Chapitre VII
Les images-reliquaires mariales en Pologne et en Europe : les voies de transmission et de réception du modèle

1. Tableaux-reliquaires polonais dans l’art médiéval

L’uniformité de nombreux tableaux-reliquaires mariaux, répandus en Pologne au cours du XVe siècle, est sans doute une preuve de la popularité d’un tel schéma formel chez les Slaves d’Occident. Bien sûr, une fois la problématique desdits reliquaires abordée, notre recherche ne pouvait pas se limiter à leur singularité au sens socioculturel se restreignant uniquement au territoire polonais. Car, il serait erroné de prétendre que l’existence de ce type de tableau dévotionnel ne concerne que la Pologne, et ne se manifeste qu’au bas Moyen Âge. On devrait prendre en considération le long cheminement du modèle1429, conduisant à des interprétations élaborées dans des ateliers de la Petite-Pologne.

L’étude analytique des relations image mariale – reliques établie, nous aboutissons au sujet essentiel qui porte sur la spécificité des tableaux-reliquaires polonais dans l’art européen. Nous avons démontré, dans les chapitres précédents, des traits semblables des icônes byzantines et des panneaux connus dans le monde latin médiéval, notamment en Italie. Il s’agit, d’après ce que nous avons dit, d’un modèle italo-byzantin qui s’étant formé entre le XIIIe et le XIVe siècle dans la partie centrale de la Péninsule, aurait été ensuite implanté en Bohême, et de là repris finalement par des artistes en Pologne1430. Dans la même optique, nous allons comparer les tableaux-reliquaires qui nous sont parvenus. Juxtaposons d’abord deux exemples relativement moins tardifs provenant des Météores et de Cuenca1431 avec des tableaux toscans, et avec ceux notés en Bohême et en Pologne1432. Leur caractère similaire du point de vue formel et iconographique, s’avère évident.

Néanmoins, Milena Bartlovà a mis en doute les origines orientales des peintures incrustées de reliques1433. D’après elle, nous avons affaire à un concept « purement occidental » ; et ledit diptyque-reliquaire de Cuenca ne proviendrait que des régions éloignées de l’Empire byzantin, où il aurait été autrefois destiné à des acheteurs catholiques1434. Cette supposition nous paraît peu fiable. Remarquons avant tout que les sources historiques rassemblées autour du panneau des Météores, modèle du diptyque de Cuenca, révèlent qu’il s’agissait d’une donation seigneuriale au monastère grec1435. D’ailleurs, Marie Paléologue et son époux Thomas Preljubovic (despote de l’Épire) sont figurés dans les panneaux avec des saints1436, dont certains étaient des saints notamment de l’Église grecque : comme Gourias et Samonas, Spyridon et Eleuthère, Théodore le Sycéote ou bien Théodore Stratélate1437. Pourtant, au lieu de réfuter totalement l’hypothèse de Bartlovà sur la primauté d’un « concept occidental » dans la production des tableaux-reliquaires, nous allons tenter de la faire s’accorder avec nos investigations.

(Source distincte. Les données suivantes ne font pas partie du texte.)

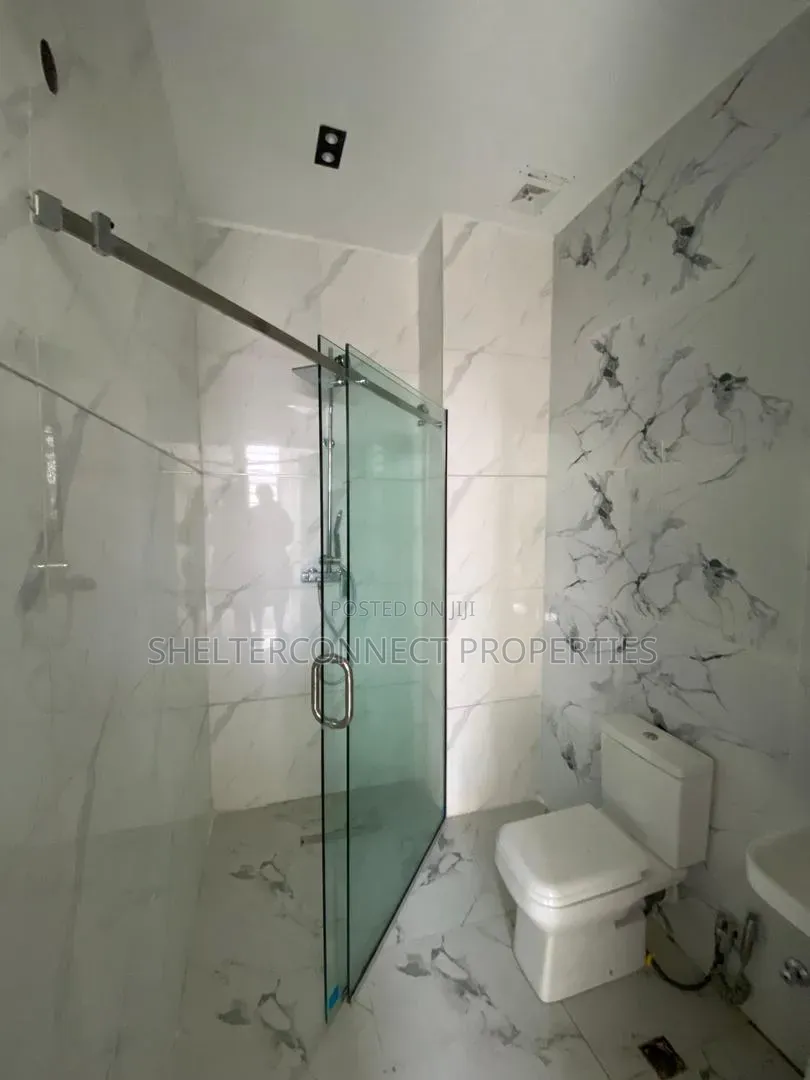 2bdrm Apartment in Ologolo for sale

En nous appuyant sur les propositions présentées plus haut1438, nous nous prononçons d’abord sur l’occidentalisation d’un « concept byzantin » ; le modèle originel qui est défini par la conjonction des reliques et d’une icône peinte sur panneau de bois1439. Moins fréquents en Orient, où le statut de l’icône ne diffère guère de celui des reliques, les tableaux-reliquaires se répandent en Italie à partir des environs de 1330. C’est alors que se forme le modèle siennois de panneau peint, composé avec un large cadre ayant fonction de porte-reliques. Il est notoire qu’à cette époque-là, on ne trouve nulle part ailleurs des exemples aussi éloquents que ceux connus en Toscane, et puis dans la région voisine, l’Ombrie. Le tableau de la Vierge à l’Enfant, accumulant des reliques dans des cavités disposées autour de la représentation picturale, peut donc être considéré comme un schéma caractéristique de provenance italienne ; fort probablement de Sienne, ce dont témoignerait l’état des plus anciennes œuvres conservées1440. Afin d’illustrer ce processus de transposition d’une icône mariale en reliquaire dans le milieu occidental, nous rapprochons les exemples explicites montrant la conformité formelle des tableaux italo-byzantins, tchèques et polonais entre les années 1360 et 1470 environ (fig. 100-101).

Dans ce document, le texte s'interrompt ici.